=== Exercise data ===
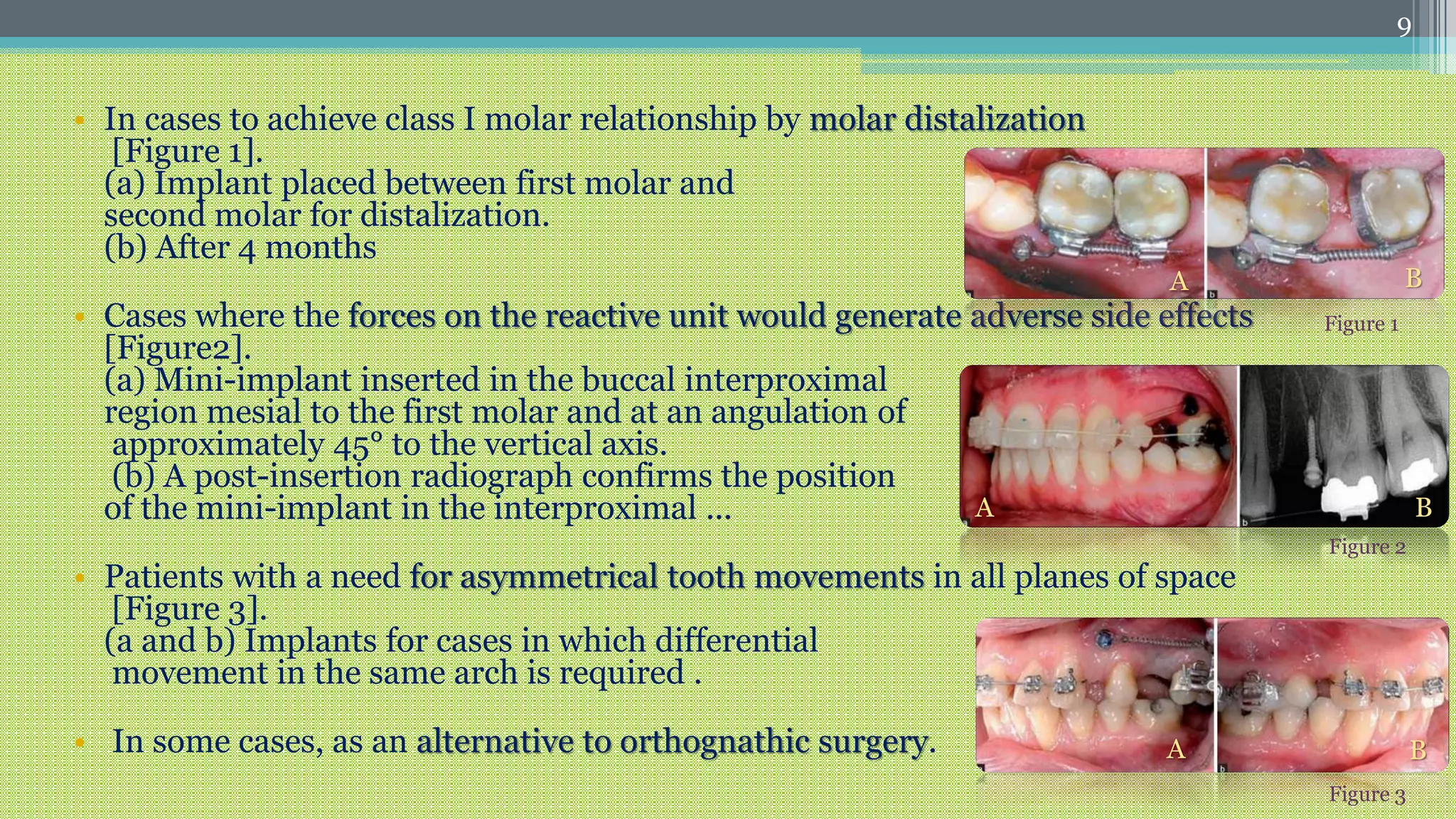 Orthodontic mini implant | PPTX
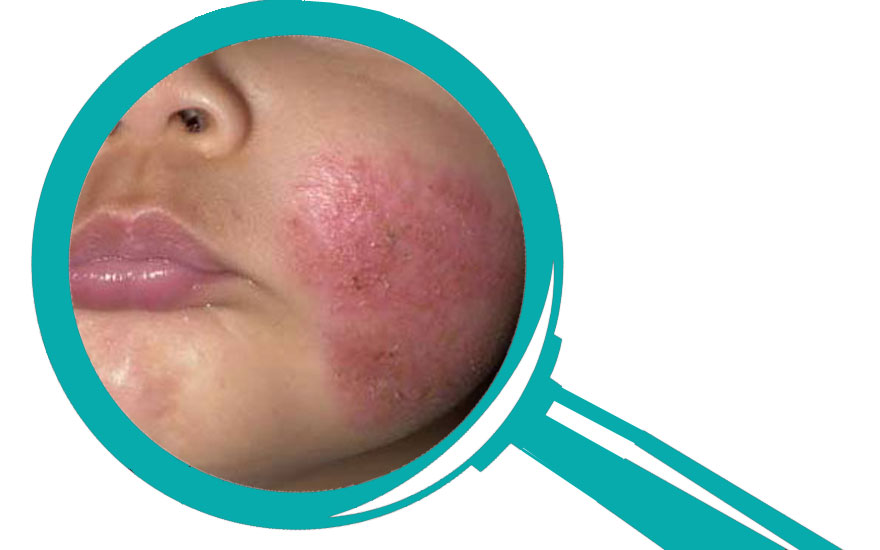 comodidad al menos Isla Stewart Qué es la dermatitis atópica y cómo se trata? | Blogs Quirónsalud
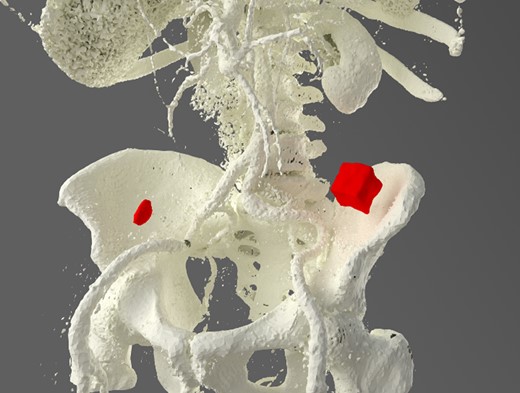 CT reconstruction showing the impacted gallstone and a smaller incidental gallstone in the caecum.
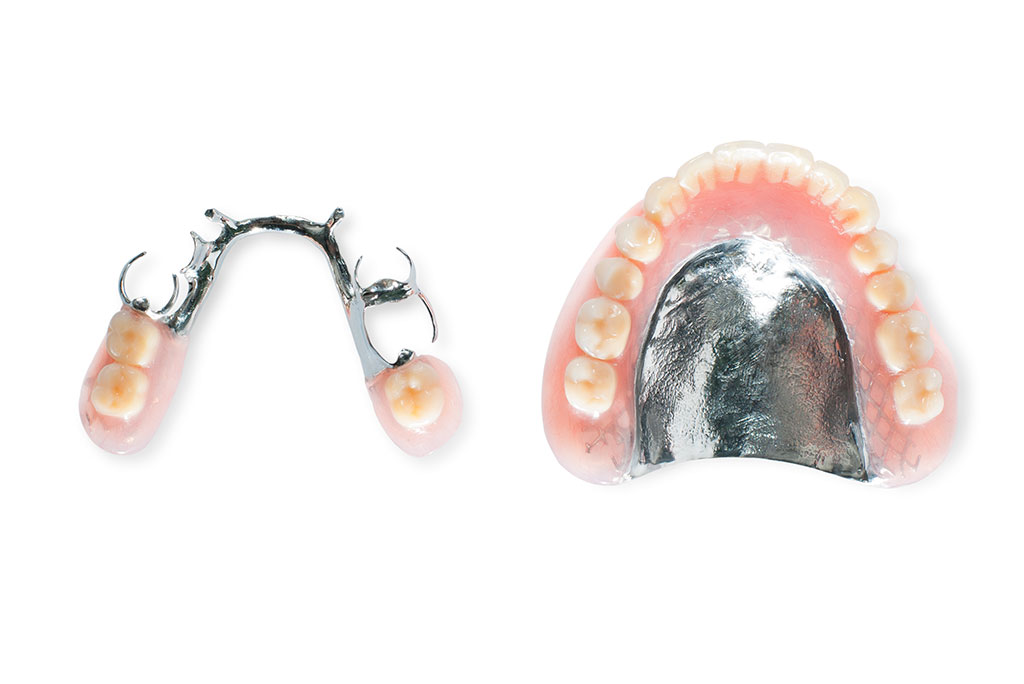 メンテナンスの違い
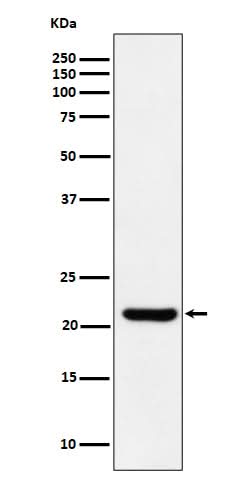 Anti-ITPA Rabbit Monoclonal Antibody Boster Bio
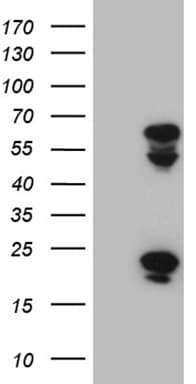 Monoclonal Mouse anti-Human TYW2 / TRMT12 Antibody (clone OTI1C12, Carrier-free, WB)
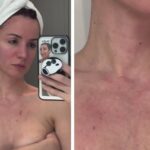 ''Mi sono dimenticata totalmente di collo e petto'': Andrea Delogu mostra i segni del tempo sulla pelle per non aver messo la crema solare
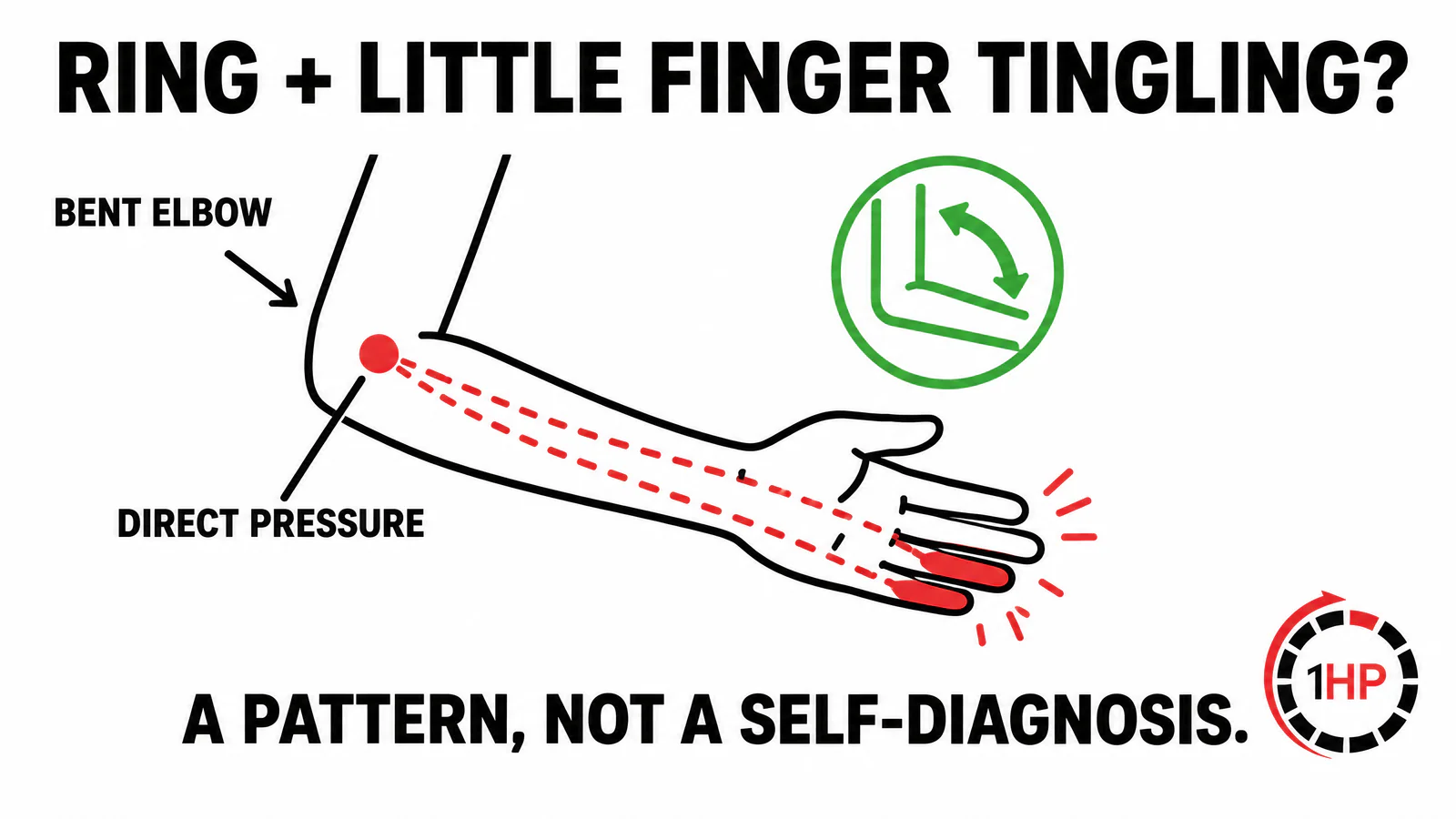 Esthetician wrist pain ulnar nerve pattern graphic showing ring and little finger tingling with elbow flexion and pressure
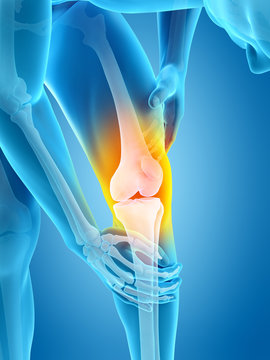 medically accurate 3d illustration of knee pain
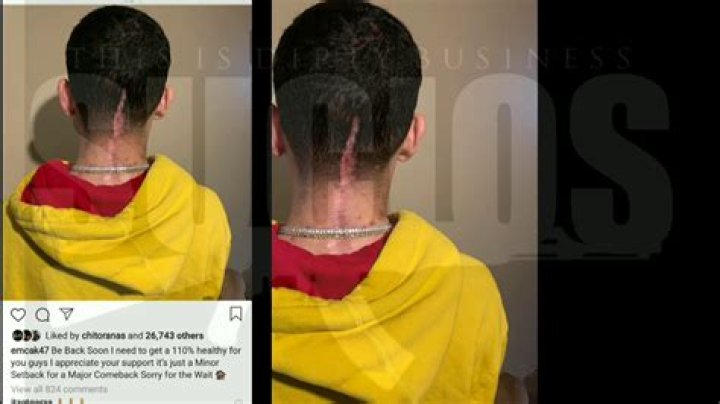 What Happened To Emc Senatra? Car Accident That Broke His Neck and Skull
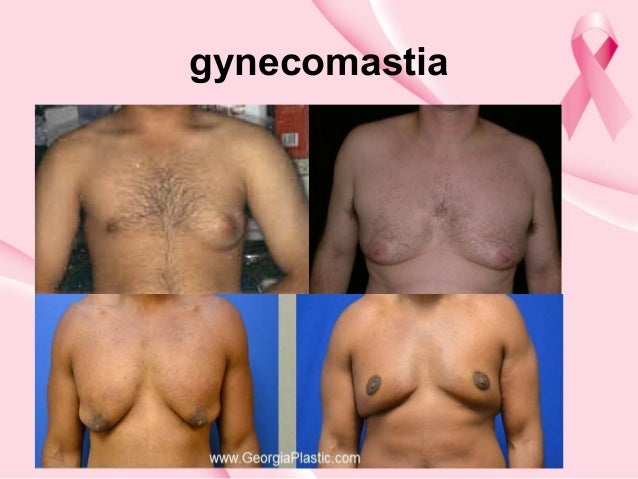 man breast disease Cuckold orgasm tube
===
→ Task directions: Restrict the output to the lines from the one with "What Happened To" through the last line of the material above. Print them exactly, leaving out every picture.

→ Response:
 What Happened To Emc Senatra? Car Accident That Broke His Neck and Skull
 man breast disease Cuckold orgasm tube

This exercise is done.